The fact is, no matter how you skirt around, hint at, and build up to the subject, at some point you have to open the can of worms and confess your desire for male chastity, whatever extreme or flavour you wish for, and there’s an outside chance she’s going to freak or at least refuse to countenance even the idea of it.

Question is, what then?

It’s almost like an immovable object and an irresistible force.

For some men it might be a passing fancy, a whim, and no big deal.

But for many — perhaps most — it’s far, far more than that.

From how John describes it, the only way I can put it into terms I’m familiar with as a woman is it’s like that burning desire, that inescapable need to have a baby (again, if you’ve felt it, you’ll know what I mean; if you haven’t, it’s impossible to explain).

But because we don’t feel that same urge for male chastity, it’s easy for us to discount it, to dismiss it as unimportant.

And the easy way to do that is to heap scorn upon it, brand it as “dirty”, “perverted” and “strange”.

Yes, if we do that, he’ll drop the subject and skulk away to his cave, and we’ll think we’ve “won”.

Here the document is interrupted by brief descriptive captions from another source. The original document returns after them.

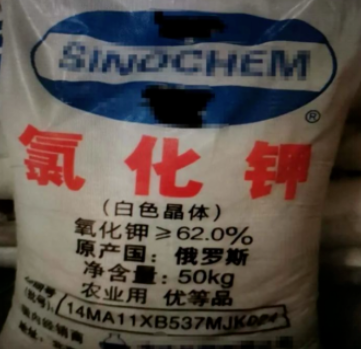 国产69精品久久久久人妻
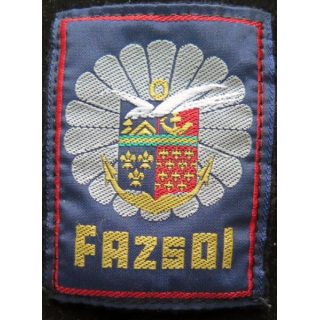 FAZSOI : insigne de manche des Forces Armées Zone Sud Océan Indien 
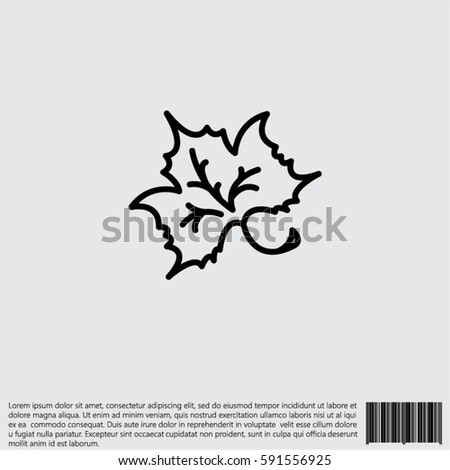 Web line icon. Maple leaf, tree leaf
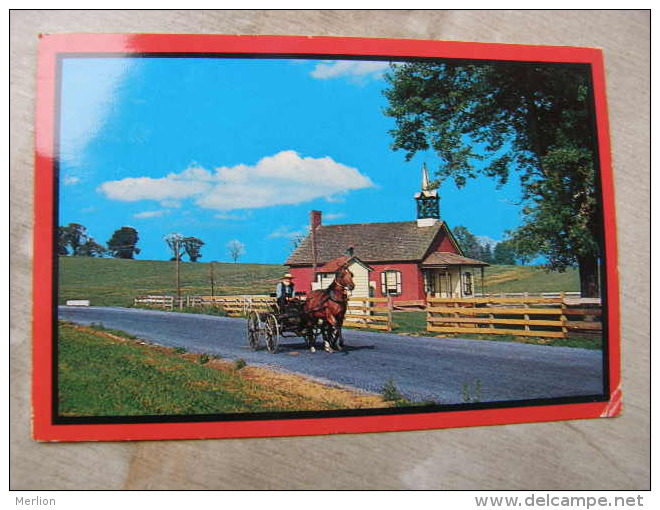 USA  - AMISH Country - Horse Carriage  D110149 - American Roadside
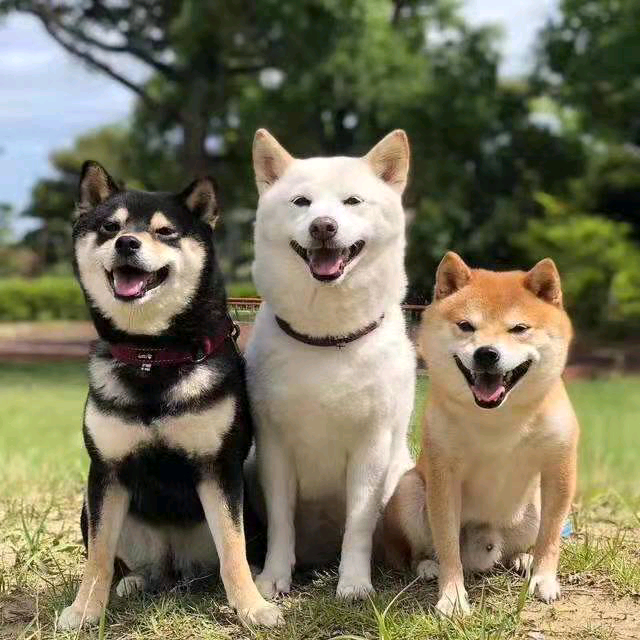 出售纯种，柯基幼犬，柴犬幼犬，拉布拉多幼犬，博**犬，金毛幼犬，边牧幼犬，阿拉斯加幼犬，比熊幼犬，马犬幼犬，德牧幼犬，泰迪幼犬，蓝猫，美短，渐层，缅因，布偶等猫咪狗狗，都两个月以上，疫苗驱虫齐全！有意者加好友私聊，**（mqs零八一零零四五二）联系客服看视频挑选，价格便宜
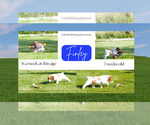 Small #14 Breeder Profile image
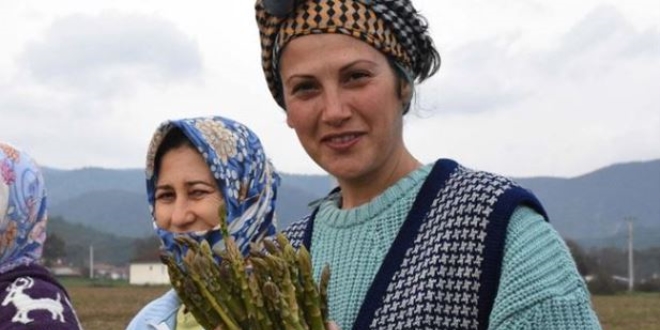 Kadın yönetici kariyerini bırakıp kuşkonmaz üreticisi oldu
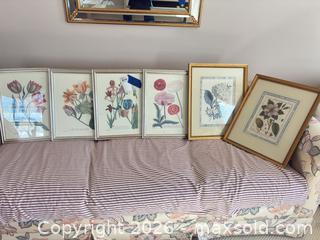MaxSold Auction: Set of 6 Framed Botanical Flower Prints by Chirat - Wellesley (Massachusetts, USA) PARTNER MANAGED Downsizing Online Auction - Mayo Road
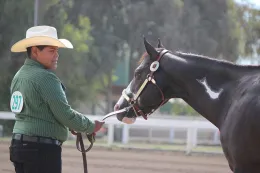 Juzgamiento de animales_Livestock judging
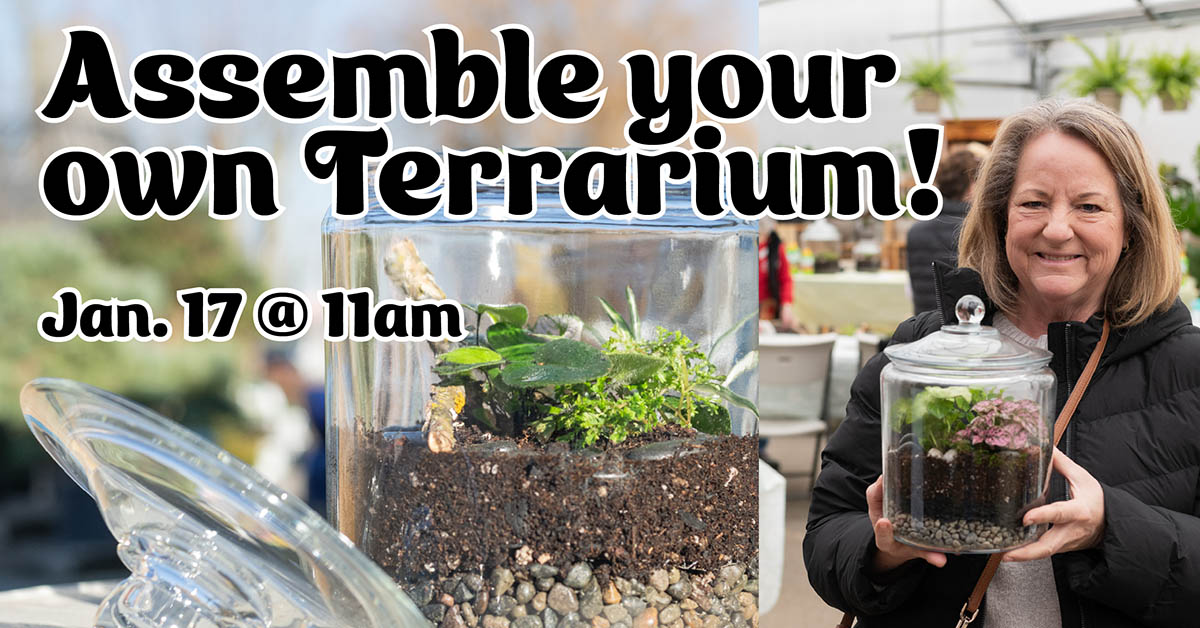 Terrarium Class 2026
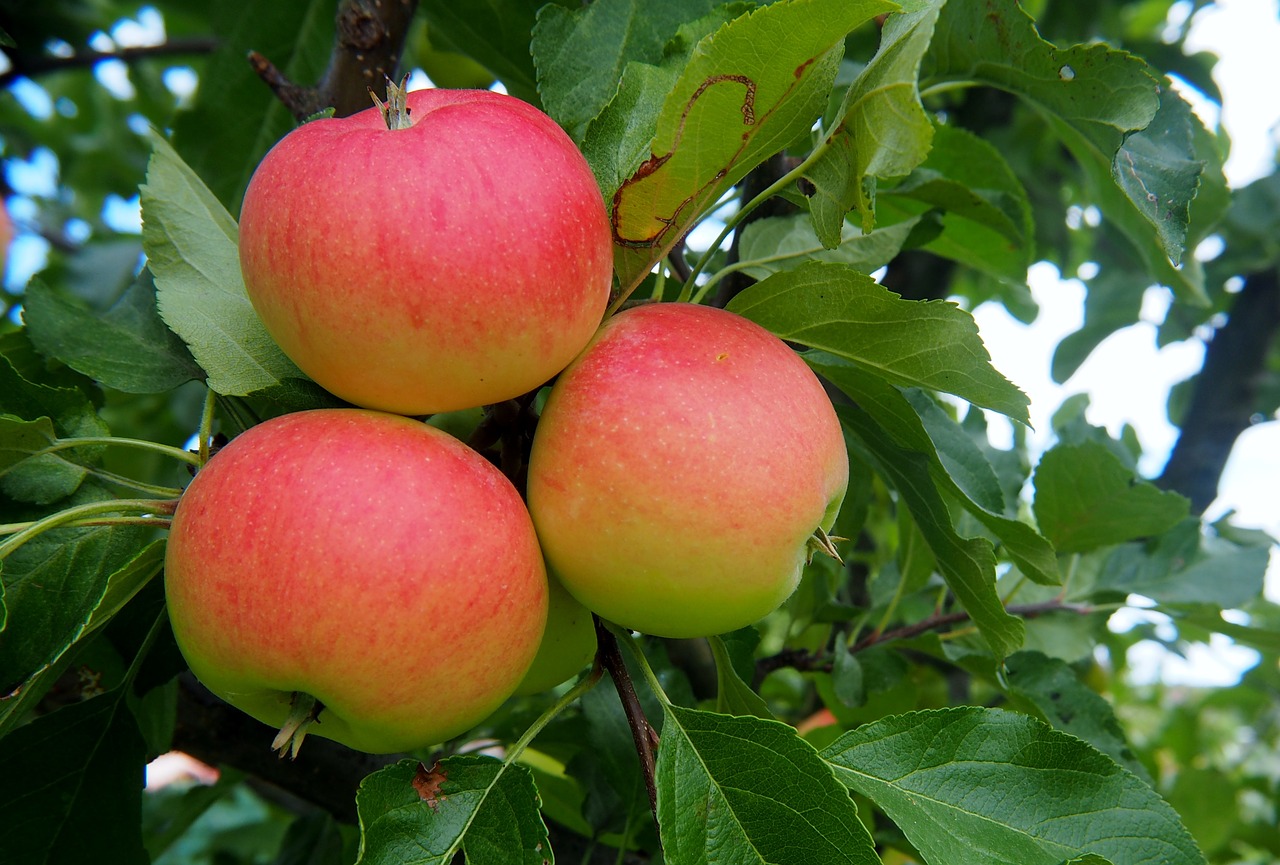 apple fruit red free photo
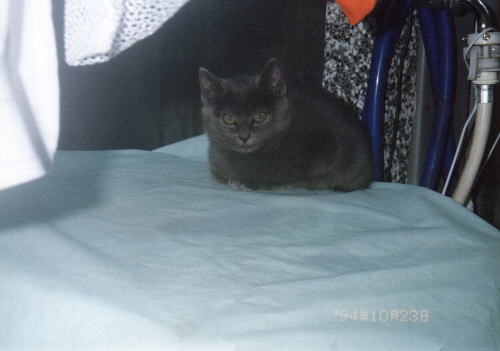 ママの子初代「クロ」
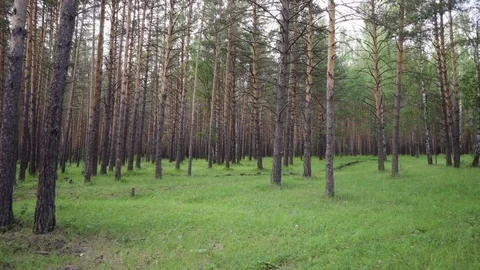 Handheld camera shooting in a pine forest. Stock Footage 113648262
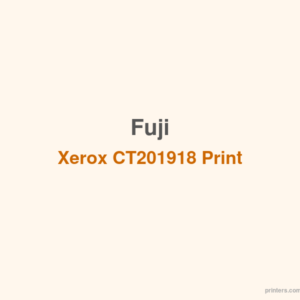 Fuji Xerox CT201918 Print Cartridge - 香港原裝行貨 Printers.com.hk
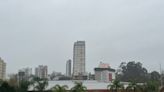 Frio e chuva marcam o domingo no RS; mínimas chegam a 1ºC | GZH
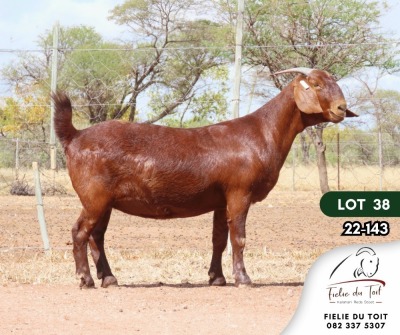 1WITHDRAWN - X KALAHARI RED DOE FIELIE DU TOIT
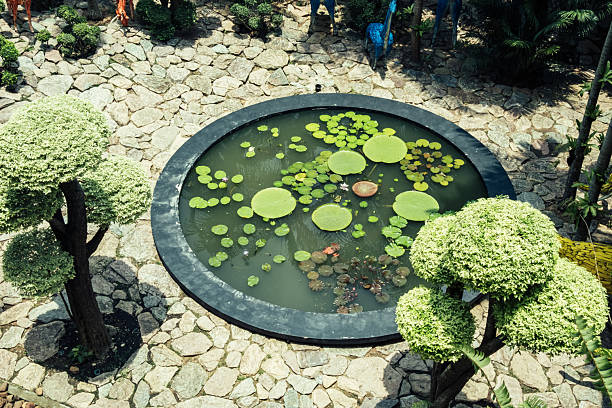 Lotus flower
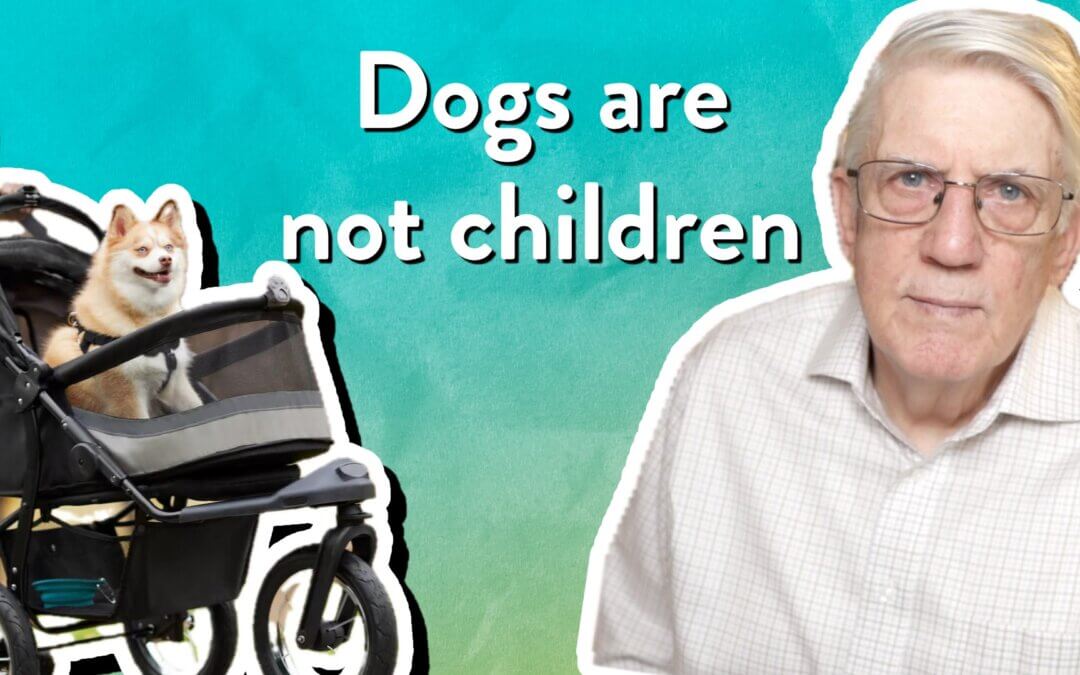 Dogs are not children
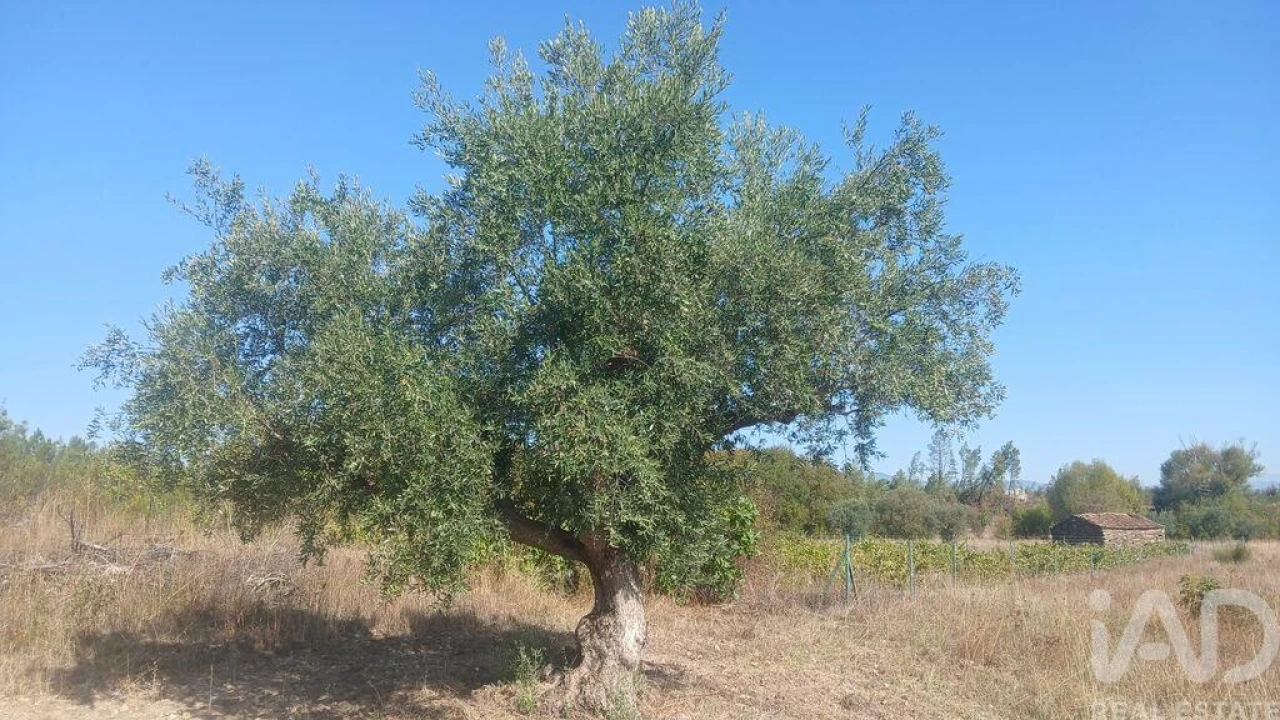 Terreno para Venda em Sarzedas Foto 15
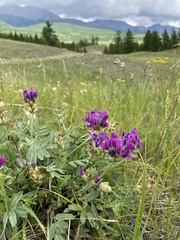 Oxytropis nitens
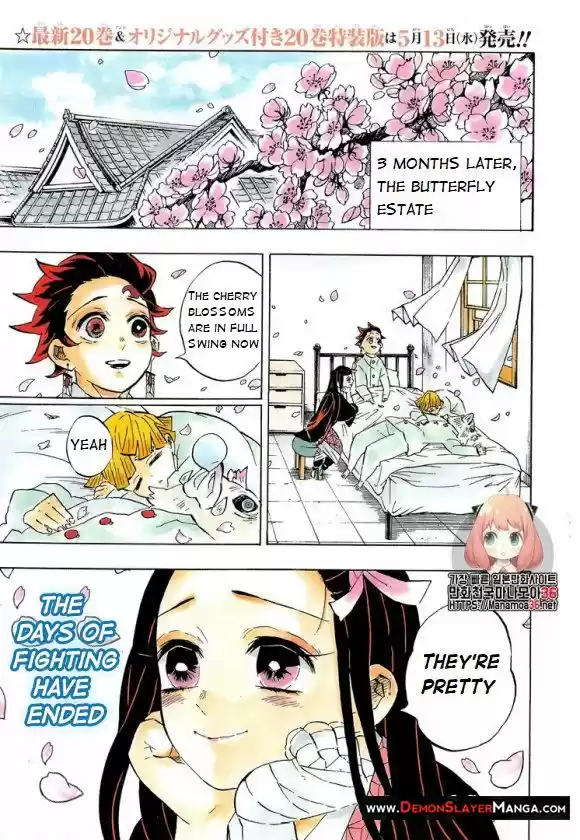Demon Slayer: Kimetsu no Yaiba Demon Slayer Chapter 204
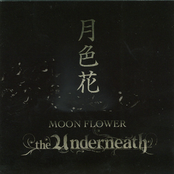 Moon Flower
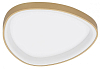 Накладной светильник Citilux GENKA SMART CL756A142 100_100_3086922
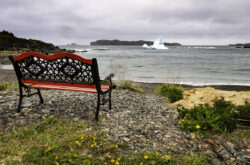 Adventures in Twillingate: Icebergs, Whales & Wild Island Trails
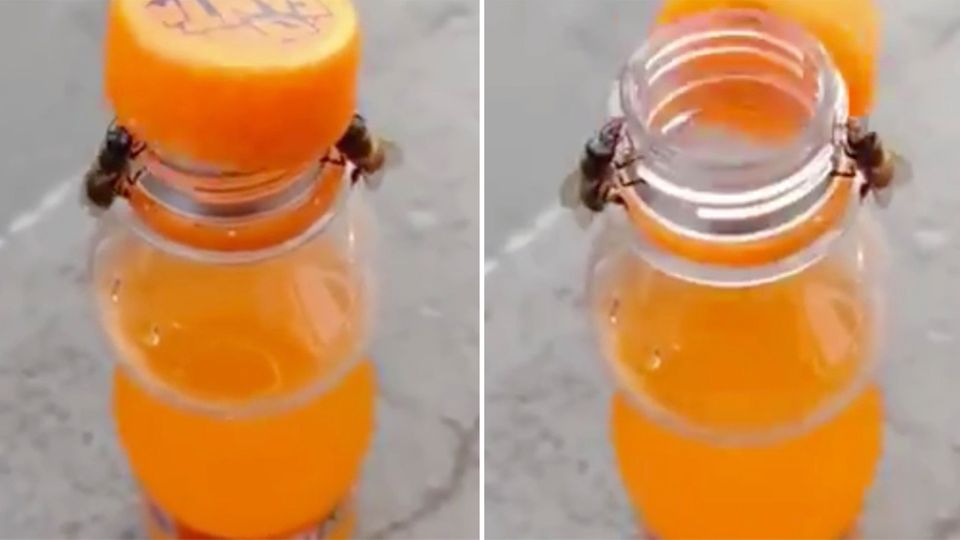 Bienensterben: Ungespülte Honiggläser im Altglascontainer: Todesurteil für ganze Bienenvölker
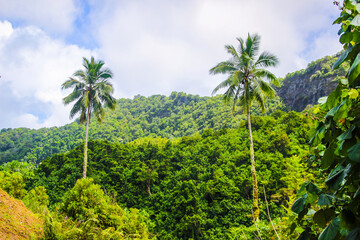Fototapeta na wymiar Rarotonga beautiful green tropical mountains, rainforests, scenery, landscapes, Cook islands, Pacific islands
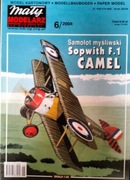 Mały Modelarz 6/2004r.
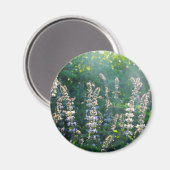 undefiniert magnet (Vorderseite/Rückseite)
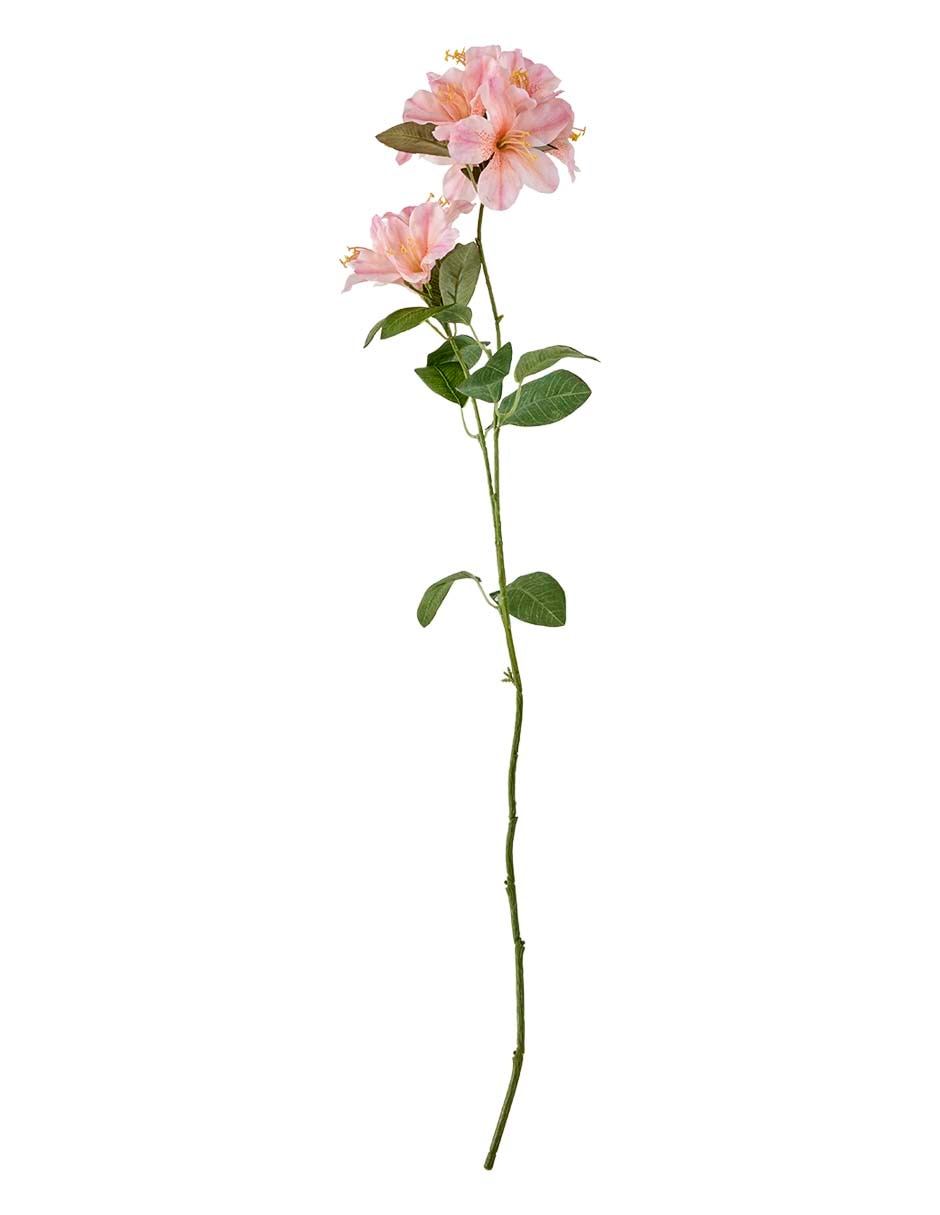 Flor de azalea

But we haven’t. It won’t go away.

It. Will. Not. Go. Away.

He won’t stop wanting it and he will start to resent you for your cold heartedness and your seemingly uncaring attitude.”

It’s important both partners realise it’s NOT going to go away and be forgotten. If a relationship is worth preserving, I think it’s worth a man and a woman putting in almost any effort to get it handled properly (and it always always always comes down to communication in the end).

It never goes smoothly all the time, I’m sure.

For me and John we’ve had problems with devices, work getting in the way, the early hiccoughs when I really wasn’t sure what it was all about, yadda, yadda, yadda.

But we persevered, and persevere still — which is why John’s new Lori #12C is being made up and when it comes, in a few weeks, he’ll be out of the Tollyboy and into that – and if the timing’s right we’re going to start a whole year’s orgasm denial (again!) from January 1st.

But that’s a whole ‘nuther story, as they say.